Le curé plus qu’un guide de la paroisse

 

Dans la paroisse de Tréziers, comme dans toutes les petites communautés rurales, le curé avait bien davantage de responsabilités à assumer que la seule mission sacerdotale.

Son champ d’activité s’étendait du religieux au profane. Il réglait la vie des communautés. Tout au long de l'année, la grand-messe du dimanche et les offices, les multiples fêtes religieuses rythmaient la course du temps et la succession des jours.

Le repos dominical était de règle. Ce jour là, il n’était pas question, pour les paysans qui composaient la grande majorité de la population, d’aller travailler aux champs. Jusqu’au début du vingtième siècle toutes les activités s'arrêtaient. En 1850 le règlement de police municipale affiché à Tréziers prescrivait encore : « Les cabarets devront être fermés tous les dimanches et jours de fêtes pendant les offices religieux »  

Les grandes fêtes chrétiennes de Noël, Pâques et la Toussaint marquaient les grandes périodes de l'année. Elles étaient l'occasion de grandes réjouissances qui réunissaient les familles.

La Saint-Martin d'hiver, le 11 novembre, était la fête du saint patron de la paroisse. Elle avait une valeur toute particulière. Toute la parenté, oncles, tantes, cousins, cousines, venant des villages environnants, se retrouvait autour d’une table bien garnie.

C'était aussi l’époque de l'année où quantité de fermiers, de laboureurs, de bergers, de travailleurs de tous métiers, changeaient, qui de métairie, qui d’employeur. Au château de Tréziers comme aux métairies d’Autajou, de La Redonde ainsi qu’à la borde du Cazal, de nouveaux fermiers arrivaient. Ils remplaçaient ceux qui partaient vers un nouveau bail.

Jusqu’au milieu du vingtième siècle, ce jour restera réservé à la fête du village

 

Le curé comptable des hommes et des âmes

 
Sous l'autorité de l'évêque de Mirepoix le curé était tout à la fois le représentant de l’Eglise et le commis du Roi de France.

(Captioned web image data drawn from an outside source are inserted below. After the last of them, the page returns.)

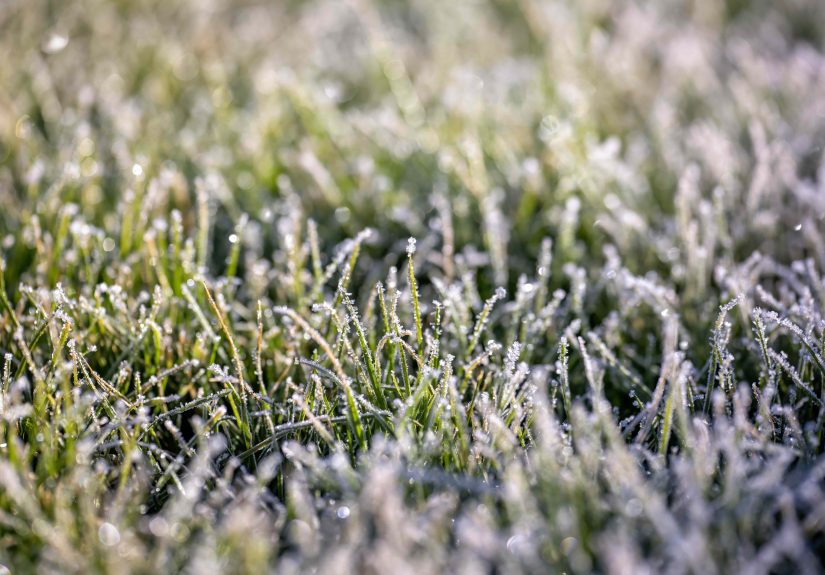 Smart Homeowners Do These 6 Lawn Chores Before Cold Weather Sets In
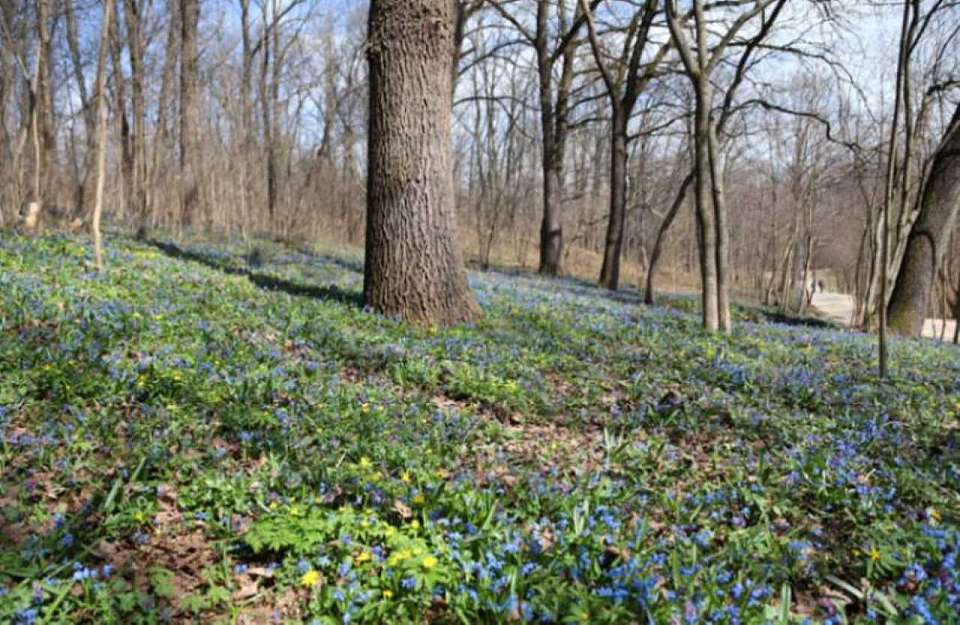 Потепление до +5 градусов в начале марта придет в Воронежскую область
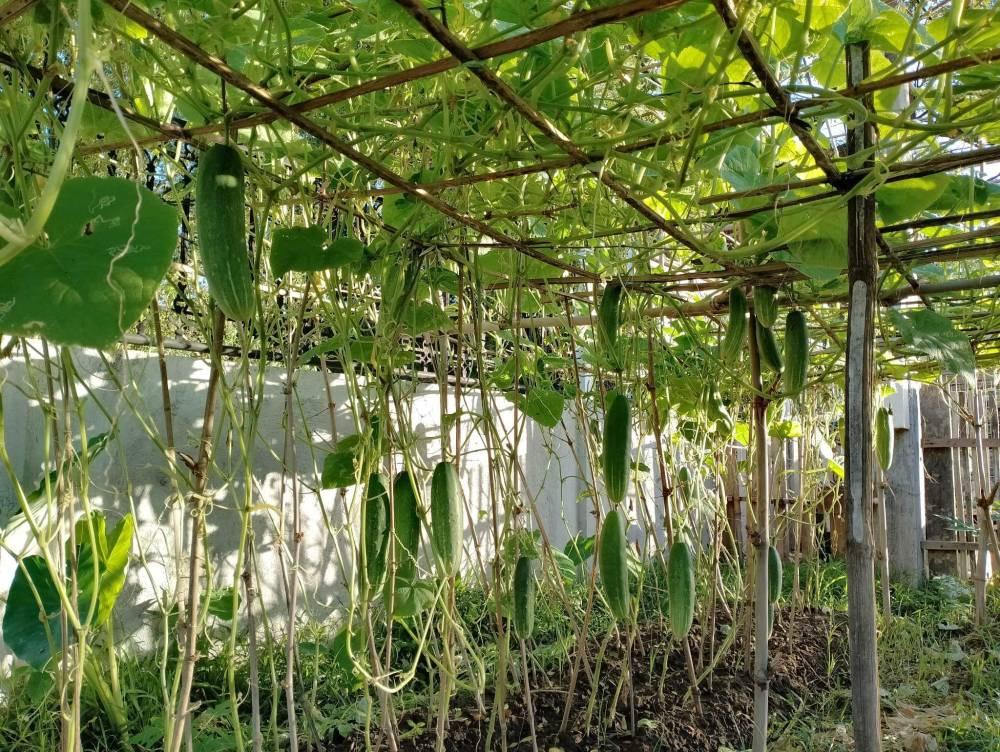 Overhead pergola style cucumber trellis with hanging cucumber vines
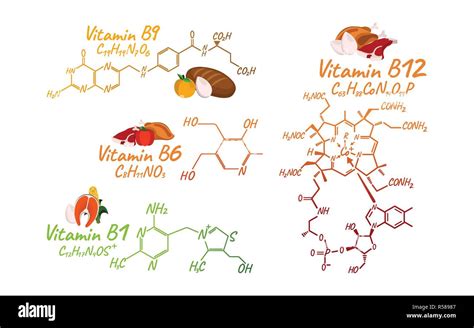 Vitamin Complex With Food B B B B Label And Icon Chemical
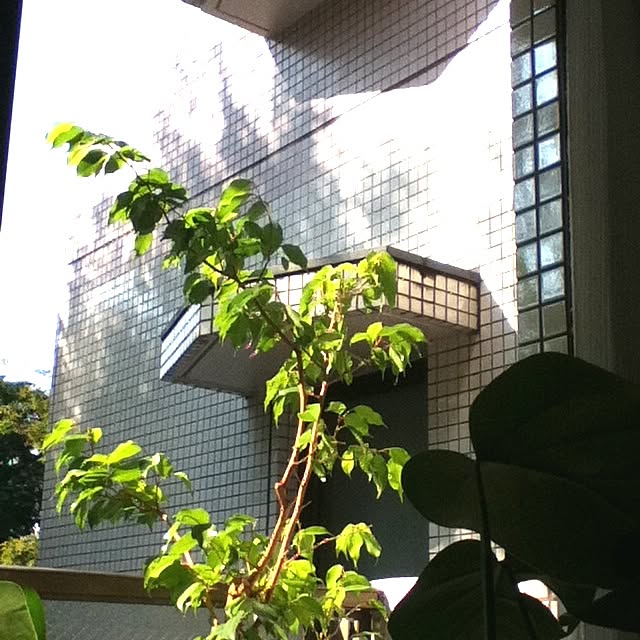 emichanbooさんの実例写真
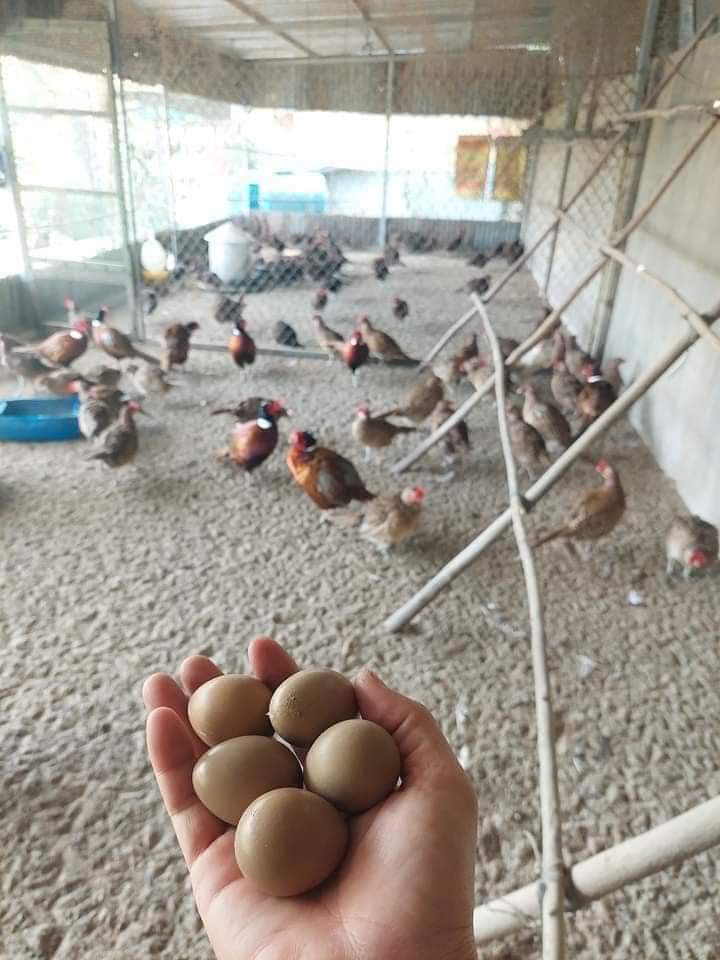 Sản Phẩm trứng chim trĩ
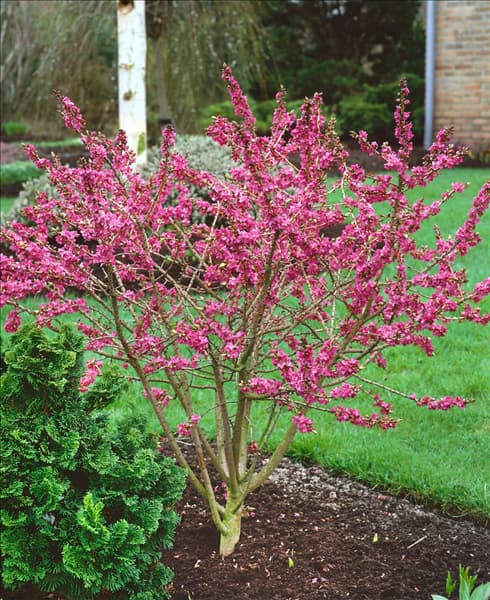 DAPHNE MEZEREUM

Comme homme d’Eglise, il était le pasteur de la paroisse. Il devait conduire le troupeau des âmes sur le bon chemin et empêcher les brebis indociles de s’égarer et de se perdre.
 
Pour le compte du Roi il était chargé du dénombrement des sujets du Royaume. Depuis l'ordonnance de Villers-Cotterêts du 15 août 1539 le Roi de France, François 1e,r, avait fait obligation aux curés de consigner dans des registres, les baptêmes et sépultures. Il avait aussi rendu obligatoire l'usage du français pour rédiger tous les actes juridiques.
 

En mai 1579 Henri III, par l'ordonnance dite de "Blois",  avec l'accord du Concile de Trente, y ajouta l'obligation d'enregistrer les mariages. La présence de quatre témoins, deux pour chaque époux, est exigée. Les bans durent être publiés, trois dimanches consécutifs, lors de la grand-messe, dans les paroisses des fiancés.
Ces registres de catholicité appelés de nos jours, registres des baptêmes, mariages et sépultures (BMS) sont les ancêtres de notre Etat civil. Leur mise en place, qui se heurta à beaucoup de résistances, prit plusieurs décennies.
De nombreuses autres ordonnances royales furent promulguées avant d'aboutir à des documents sans lacunes. Celle promulguée par Louis XIV le 3 avril 1667 à Saint Germain en Laye améliora le système en ordonnant la tenue de deux registres. L'un restait à la paroisse et servait à apporter la preuve de la bonne administration des sacrements, l'autre était versé au greffe de justice, qui était une institution civile. La paroisse de Tréziers déposait cet exemplaire à la sénéchaussée de Limoux.

Ces ordonnances mirent bien du temps avant d'être convenablement appliquées dans le diocèse de Mirepoix.

Pour la paroisse Saint-Maurice de Mirepoix les premiers registres datent de 1597. Ils débutent en 1611 à Lagarde, en 1633 à Camon et en 1692 à Roumengoux.
 

A Tréziers les premiers enregistrements d’actes commencent en novembre 1658. Les registres qui nous sont parvenu sont en très mauvais état. Ils datent quasiment de la mise en place de la sénéchaussée de Limoux. Cette organisation administrative nouvelle avait été établie avec beaucoup de difficultés, aux dépends de celle de Carcassonne. Le deuxième exemplaires des registres y étaient archivés.

Si à Tréziers les registres de catholicité furent le plus souvent correctement tenus, il n’en fut pas de même pour d’autres paroisses du diocèse.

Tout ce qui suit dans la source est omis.